**Exercise aim**
After locating the line with "Open kitchen area" in the data that follows, return it and every later line exactly, up to and including the line with "Two tubes of".

**Data**
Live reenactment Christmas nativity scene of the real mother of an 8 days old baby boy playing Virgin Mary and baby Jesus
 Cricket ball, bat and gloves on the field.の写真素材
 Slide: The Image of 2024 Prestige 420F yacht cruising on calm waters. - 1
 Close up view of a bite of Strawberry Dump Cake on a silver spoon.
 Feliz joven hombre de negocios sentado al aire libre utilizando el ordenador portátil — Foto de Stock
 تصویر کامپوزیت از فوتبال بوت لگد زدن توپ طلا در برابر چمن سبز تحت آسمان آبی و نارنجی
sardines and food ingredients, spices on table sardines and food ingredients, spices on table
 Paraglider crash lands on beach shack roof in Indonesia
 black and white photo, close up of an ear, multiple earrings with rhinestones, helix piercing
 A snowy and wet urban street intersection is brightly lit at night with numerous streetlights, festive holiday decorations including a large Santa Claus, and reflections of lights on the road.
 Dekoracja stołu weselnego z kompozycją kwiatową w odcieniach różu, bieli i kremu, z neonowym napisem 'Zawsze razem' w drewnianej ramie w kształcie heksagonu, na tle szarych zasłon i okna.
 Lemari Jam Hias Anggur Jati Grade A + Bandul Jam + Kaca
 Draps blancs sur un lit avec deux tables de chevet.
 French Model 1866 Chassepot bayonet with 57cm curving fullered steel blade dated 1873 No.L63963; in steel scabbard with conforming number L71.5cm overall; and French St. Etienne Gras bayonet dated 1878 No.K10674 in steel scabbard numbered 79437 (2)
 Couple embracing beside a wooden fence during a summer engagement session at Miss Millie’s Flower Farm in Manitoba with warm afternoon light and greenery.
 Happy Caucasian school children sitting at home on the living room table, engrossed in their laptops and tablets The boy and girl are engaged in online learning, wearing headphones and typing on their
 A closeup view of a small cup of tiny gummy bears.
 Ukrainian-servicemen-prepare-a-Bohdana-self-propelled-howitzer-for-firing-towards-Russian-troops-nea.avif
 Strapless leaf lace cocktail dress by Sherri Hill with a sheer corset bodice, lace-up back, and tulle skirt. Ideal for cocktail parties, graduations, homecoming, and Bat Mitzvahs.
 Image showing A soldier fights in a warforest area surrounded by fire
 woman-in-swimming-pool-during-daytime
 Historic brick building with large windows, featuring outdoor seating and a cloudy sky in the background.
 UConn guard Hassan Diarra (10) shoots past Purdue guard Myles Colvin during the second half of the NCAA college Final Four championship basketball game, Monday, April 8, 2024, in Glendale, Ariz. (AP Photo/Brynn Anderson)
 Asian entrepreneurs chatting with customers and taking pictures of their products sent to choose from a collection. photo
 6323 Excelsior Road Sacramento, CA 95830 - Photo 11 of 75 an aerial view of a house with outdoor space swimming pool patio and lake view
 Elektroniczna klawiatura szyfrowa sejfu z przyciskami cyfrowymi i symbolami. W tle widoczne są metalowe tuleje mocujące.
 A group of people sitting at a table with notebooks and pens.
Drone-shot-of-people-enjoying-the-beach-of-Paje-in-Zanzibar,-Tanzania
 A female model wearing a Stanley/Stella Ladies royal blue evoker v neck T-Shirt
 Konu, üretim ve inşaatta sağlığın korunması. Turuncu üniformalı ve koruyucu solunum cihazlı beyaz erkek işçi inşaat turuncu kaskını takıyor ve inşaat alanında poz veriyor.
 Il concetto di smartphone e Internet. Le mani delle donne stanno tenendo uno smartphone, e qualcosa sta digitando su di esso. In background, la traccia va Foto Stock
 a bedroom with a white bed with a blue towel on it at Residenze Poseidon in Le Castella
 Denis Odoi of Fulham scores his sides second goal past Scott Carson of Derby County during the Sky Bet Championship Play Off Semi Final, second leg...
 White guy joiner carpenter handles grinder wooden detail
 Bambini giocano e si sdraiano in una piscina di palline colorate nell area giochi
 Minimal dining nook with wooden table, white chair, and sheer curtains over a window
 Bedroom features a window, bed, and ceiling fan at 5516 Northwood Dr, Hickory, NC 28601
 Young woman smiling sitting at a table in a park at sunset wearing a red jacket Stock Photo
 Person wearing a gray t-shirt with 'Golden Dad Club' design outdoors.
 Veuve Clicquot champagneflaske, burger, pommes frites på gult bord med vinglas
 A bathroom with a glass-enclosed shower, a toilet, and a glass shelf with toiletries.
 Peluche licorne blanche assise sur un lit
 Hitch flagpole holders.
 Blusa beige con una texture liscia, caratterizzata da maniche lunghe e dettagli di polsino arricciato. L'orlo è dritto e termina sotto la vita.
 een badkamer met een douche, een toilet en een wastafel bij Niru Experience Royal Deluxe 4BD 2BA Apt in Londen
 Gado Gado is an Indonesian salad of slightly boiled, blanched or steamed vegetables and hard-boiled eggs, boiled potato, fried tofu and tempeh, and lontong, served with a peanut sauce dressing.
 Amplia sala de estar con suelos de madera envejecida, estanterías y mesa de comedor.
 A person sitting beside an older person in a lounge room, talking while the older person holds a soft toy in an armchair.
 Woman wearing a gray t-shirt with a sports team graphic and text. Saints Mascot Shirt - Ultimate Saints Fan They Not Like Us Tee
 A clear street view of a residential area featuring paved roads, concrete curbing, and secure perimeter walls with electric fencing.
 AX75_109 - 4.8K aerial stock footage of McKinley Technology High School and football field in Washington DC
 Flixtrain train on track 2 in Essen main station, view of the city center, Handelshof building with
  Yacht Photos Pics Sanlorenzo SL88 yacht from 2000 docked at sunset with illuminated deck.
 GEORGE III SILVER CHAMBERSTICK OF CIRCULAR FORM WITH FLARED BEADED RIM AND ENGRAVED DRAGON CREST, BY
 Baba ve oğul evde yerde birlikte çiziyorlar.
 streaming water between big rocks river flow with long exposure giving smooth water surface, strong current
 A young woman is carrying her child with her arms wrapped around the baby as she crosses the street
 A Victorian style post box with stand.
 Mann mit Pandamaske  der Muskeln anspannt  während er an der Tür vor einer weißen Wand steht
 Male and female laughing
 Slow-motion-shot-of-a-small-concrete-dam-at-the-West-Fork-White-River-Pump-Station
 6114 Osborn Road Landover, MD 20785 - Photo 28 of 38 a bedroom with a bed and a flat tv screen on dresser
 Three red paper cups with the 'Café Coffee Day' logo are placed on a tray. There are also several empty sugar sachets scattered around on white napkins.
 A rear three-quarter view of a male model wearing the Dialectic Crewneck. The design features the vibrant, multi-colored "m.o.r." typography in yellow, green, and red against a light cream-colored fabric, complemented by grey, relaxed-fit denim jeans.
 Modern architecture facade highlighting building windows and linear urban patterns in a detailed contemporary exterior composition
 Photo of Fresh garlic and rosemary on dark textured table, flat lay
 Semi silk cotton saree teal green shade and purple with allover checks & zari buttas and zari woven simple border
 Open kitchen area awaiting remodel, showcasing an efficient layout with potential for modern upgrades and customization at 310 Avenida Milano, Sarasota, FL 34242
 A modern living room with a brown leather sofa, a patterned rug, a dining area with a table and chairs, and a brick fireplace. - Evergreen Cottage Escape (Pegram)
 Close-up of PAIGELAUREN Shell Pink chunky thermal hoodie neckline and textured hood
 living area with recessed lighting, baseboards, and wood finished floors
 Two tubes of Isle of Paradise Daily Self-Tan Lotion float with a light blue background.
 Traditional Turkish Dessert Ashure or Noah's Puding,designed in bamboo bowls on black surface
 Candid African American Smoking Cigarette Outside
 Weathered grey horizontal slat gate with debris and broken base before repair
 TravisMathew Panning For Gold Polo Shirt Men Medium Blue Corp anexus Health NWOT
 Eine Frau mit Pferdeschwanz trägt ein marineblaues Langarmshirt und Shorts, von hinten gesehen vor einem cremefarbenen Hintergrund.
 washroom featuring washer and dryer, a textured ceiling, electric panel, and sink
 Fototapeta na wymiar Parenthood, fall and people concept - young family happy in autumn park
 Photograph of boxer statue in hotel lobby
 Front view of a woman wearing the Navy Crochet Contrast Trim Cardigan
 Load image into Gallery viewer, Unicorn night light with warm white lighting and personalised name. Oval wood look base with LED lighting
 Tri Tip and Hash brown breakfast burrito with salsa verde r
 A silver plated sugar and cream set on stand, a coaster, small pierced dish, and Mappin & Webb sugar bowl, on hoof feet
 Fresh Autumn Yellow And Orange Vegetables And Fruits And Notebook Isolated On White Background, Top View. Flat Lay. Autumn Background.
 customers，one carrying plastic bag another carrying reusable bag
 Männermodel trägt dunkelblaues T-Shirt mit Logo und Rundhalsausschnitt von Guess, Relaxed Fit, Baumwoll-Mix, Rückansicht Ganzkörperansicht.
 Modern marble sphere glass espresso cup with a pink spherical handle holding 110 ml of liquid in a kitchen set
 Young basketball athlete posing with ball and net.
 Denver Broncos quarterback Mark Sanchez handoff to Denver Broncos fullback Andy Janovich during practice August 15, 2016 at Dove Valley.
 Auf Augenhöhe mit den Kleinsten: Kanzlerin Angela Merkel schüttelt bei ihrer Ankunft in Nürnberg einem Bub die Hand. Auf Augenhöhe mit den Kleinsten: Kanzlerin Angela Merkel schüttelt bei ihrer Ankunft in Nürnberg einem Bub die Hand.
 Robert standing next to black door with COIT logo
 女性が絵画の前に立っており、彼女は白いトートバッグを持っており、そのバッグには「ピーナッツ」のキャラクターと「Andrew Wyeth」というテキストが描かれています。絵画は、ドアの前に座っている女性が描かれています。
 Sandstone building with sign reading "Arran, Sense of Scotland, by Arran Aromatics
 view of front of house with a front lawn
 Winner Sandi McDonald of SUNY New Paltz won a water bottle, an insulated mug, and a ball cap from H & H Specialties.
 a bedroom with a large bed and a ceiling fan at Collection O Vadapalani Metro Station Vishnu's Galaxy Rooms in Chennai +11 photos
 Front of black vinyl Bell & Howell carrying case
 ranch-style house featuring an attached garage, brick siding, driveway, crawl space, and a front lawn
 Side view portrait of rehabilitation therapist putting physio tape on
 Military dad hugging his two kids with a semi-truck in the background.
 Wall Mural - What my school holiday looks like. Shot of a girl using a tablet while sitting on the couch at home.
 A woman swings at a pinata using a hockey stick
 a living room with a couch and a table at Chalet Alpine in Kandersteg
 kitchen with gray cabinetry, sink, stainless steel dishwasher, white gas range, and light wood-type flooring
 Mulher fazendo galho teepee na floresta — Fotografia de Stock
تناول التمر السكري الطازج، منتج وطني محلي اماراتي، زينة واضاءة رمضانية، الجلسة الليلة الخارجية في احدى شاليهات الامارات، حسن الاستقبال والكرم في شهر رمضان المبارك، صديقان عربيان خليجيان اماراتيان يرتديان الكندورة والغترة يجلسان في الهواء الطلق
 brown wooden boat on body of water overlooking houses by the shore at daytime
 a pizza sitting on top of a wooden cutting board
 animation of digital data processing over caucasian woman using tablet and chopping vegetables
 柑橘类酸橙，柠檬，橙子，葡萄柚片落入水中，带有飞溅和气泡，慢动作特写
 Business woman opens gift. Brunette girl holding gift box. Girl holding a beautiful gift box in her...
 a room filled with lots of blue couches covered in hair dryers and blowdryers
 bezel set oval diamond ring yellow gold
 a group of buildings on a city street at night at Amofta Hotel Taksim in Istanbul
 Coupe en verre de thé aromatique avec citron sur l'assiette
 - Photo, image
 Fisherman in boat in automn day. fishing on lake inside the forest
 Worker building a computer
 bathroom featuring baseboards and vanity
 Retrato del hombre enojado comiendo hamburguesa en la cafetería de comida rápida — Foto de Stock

**Result below**
 Open kitchen area awaiting remodel, showcasing an efficient layout with potential for modern upgrades and customization at 310 Avenida Milano, Sarasota, FL 34242
 A modern living room with a brown leather sofa, a patterned rug, a dining area with a table and chairs, and a brick fireplace. - Evergreen Cottage Escape (Pegram)
 Close-up of PAIGELAUREN Shell Pink chunky thermal hoodie neckline and textured hood
 living area with recessed lighting, baseboards, and wood finished floors
 Two tubes of Isle of Paradise Daily Self-Tan Lotion float with a light blue background.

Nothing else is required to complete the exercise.